Page MenuHomePhabricator

Month and year are sometimes parsed as the first day of the month
Open, Needs TriagePublicBUG REPORT

Description

Steps to Reproduce

  1. Go to an item (e.g. sandbox) with Czech (cs) as the interface language.
  2. Add a new property with time datatype (e.g. P585).
  3. Write a month in Czech (see below) and a year (e.g. 2019).

Actual Results

  • For some months, the preview will show the first day of the month:
    • Namely "březen" (3), "květen" (5), "červen" (6), "červenec" (7), "září" (9), "říjen" (10).
  • The rest is parsed correctly: "leden" (1), "únor" (2), "duben" (4), "srpen" (8), "listopad" (11), "prosinec" (12).
    • Possible explanation: All problematic months contain characters with caron. It's possible that the parser (YearMonthTimeParser?) doesn't handle special characters correctly.
  • The same problem happens with all English months (still with the interface in Czech).



Expected Results

  • The value is always parsed to the "month" precision.

Event Timeline

Restricted Application added a subscriber: Aklapper. · View Herald TranscriptSep 17 2019, 12:30 PM
data-values\time\src\ValueParsers\YearMonthTimeParser.php
$logger = \MediaWiki\Logger\LoggerFactory::getInstance( 'MyCoolLoggingChannel' );
$logger->debug( 'stringParse: {value}', [ 'value' => $value ] );
// Matches year and month separated by a separator.
// \p{L} matches letters outside the ASCII range.
if ( !preg_match( '/^(-?[\d\p{L}]+)\s*?[\/\-\s.,]\s*(-?[\d\p{L}]+)$/', trim( $value ), $matches ) ) {
  throw new ParseException( 'Failed to parse year and month', $value, self::FORMAT_NAME );
}
$logger->debug( 'stringParse: ok' );

Works for some months but not for all. The \p{L} matches letters outside the ASCII range. trick apparently doesn't work.
@Lucas_Werkmeister_WMDE @Addshore @Ladsgroup Could you help?

Found https://stackoverflow.com/questions/26611495/regex-pl-problems
Solution:

if ( !preg_match( '/^(-?[\d\p{L}]+)\s*?[\/\-\s.,]\s*(-?[\d\p{L}]+)$/u', trim( $value ), $matches ) ) {
  throw new ParseException( 'Failed to parse year and month', $value, self::FORMAT_NAME );
}

(Add a u as modifier for the regex)

Bingo!

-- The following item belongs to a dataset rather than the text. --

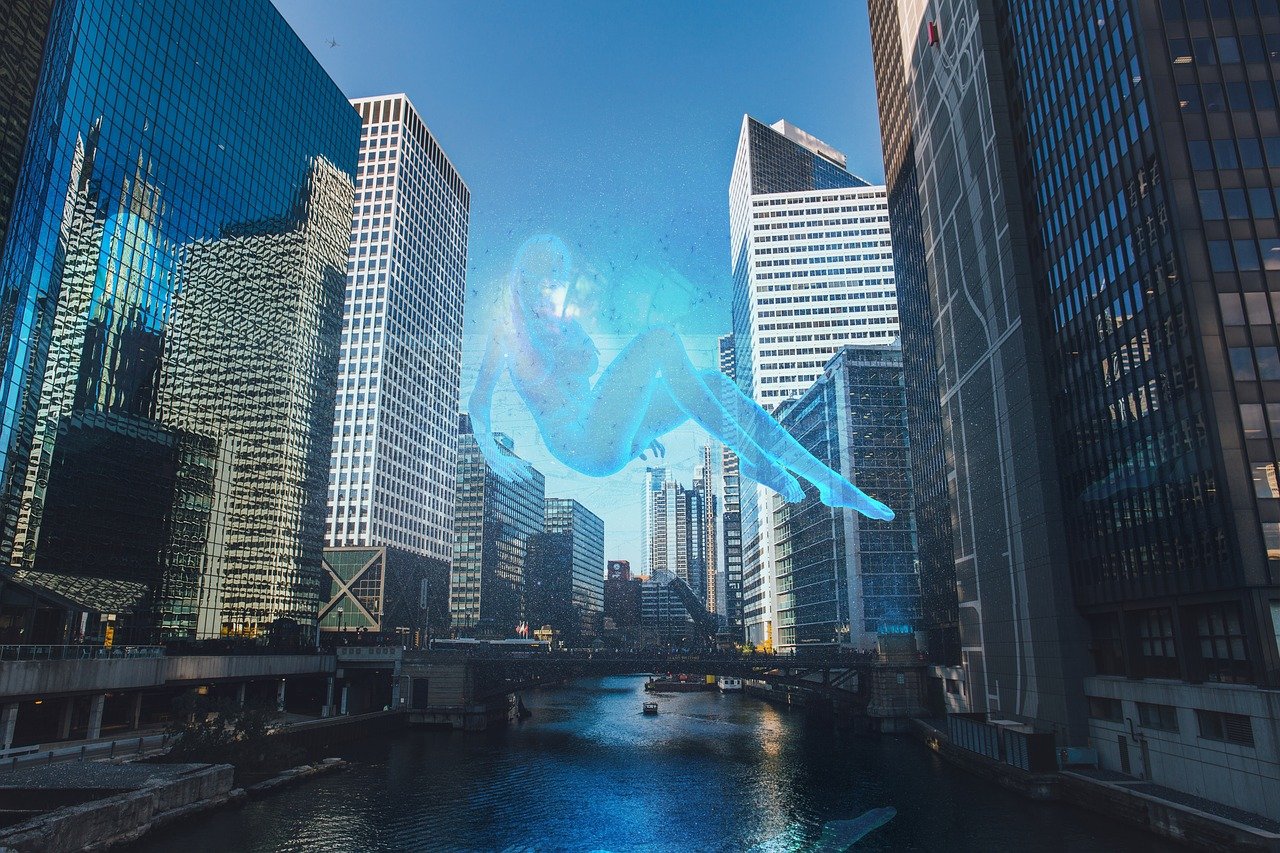 南寧城市最新動態,煥發新活力,發展勢頭強勁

I could really have tried Google. Weird that https://regex101.com/ (which I used) still matches without /u.

Patch-For-Review: https://github.com/wmde/Time/pull/146

I tried Regex101 too and after that I tried the same with a small php script which I ran on command line and that didn't work. That's when I started searching for what was wrong.

The patch doesn't fix this for dates BCE. When approved, I'll submit one more PR for this.

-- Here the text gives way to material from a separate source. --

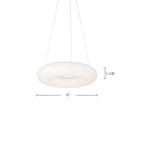 Kuzco Lighting-PD80712-UNV|ALT|1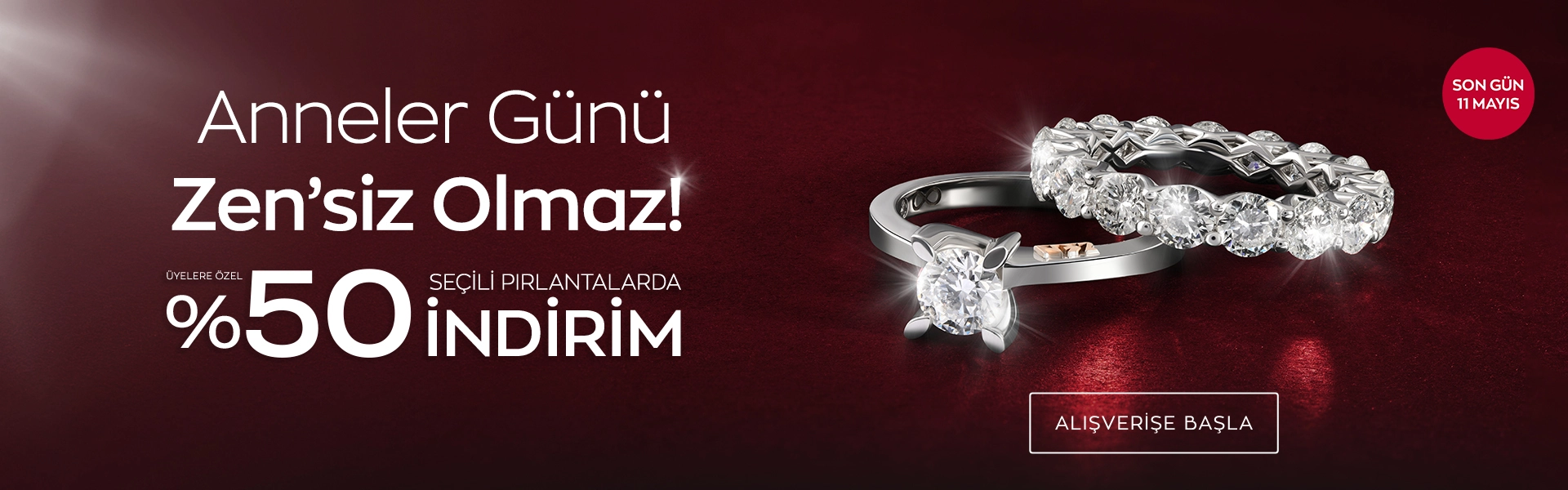 Online Store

Change 620954 had a related patch set uploaded (by Addshore; owner: Addshore):
[mediawiki/extensions/Wikibase@master] WIP DNM:All unicode in month names (using new data-values/time)

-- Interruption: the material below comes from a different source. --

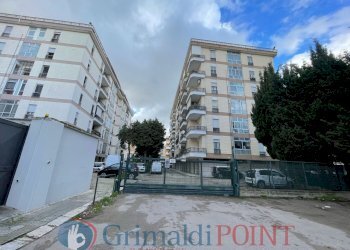 IMG-20251127-WA0002_risultato.jpg - Box Lecce - photo 1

https://gerrit.wikimedia.org/r/620954

The patch doesn't fix this for dates BCE. When approved, I'll submit one more PR for this.

https://github.com/wmde/Time/pull/148

Change 621524 merged by jenkins-bot:
[mediawiki/vendor@master] Bump data-values/time to 1.0.2

https://gerrit.wikimedia.org/r/621524

Change 620954 merged by jenkins-bot:
[mediawiki/extensions/Wikibase@master] Test all unicode in month names (using new data-values/time)

https://gerrit.wikimedia.org/r/620954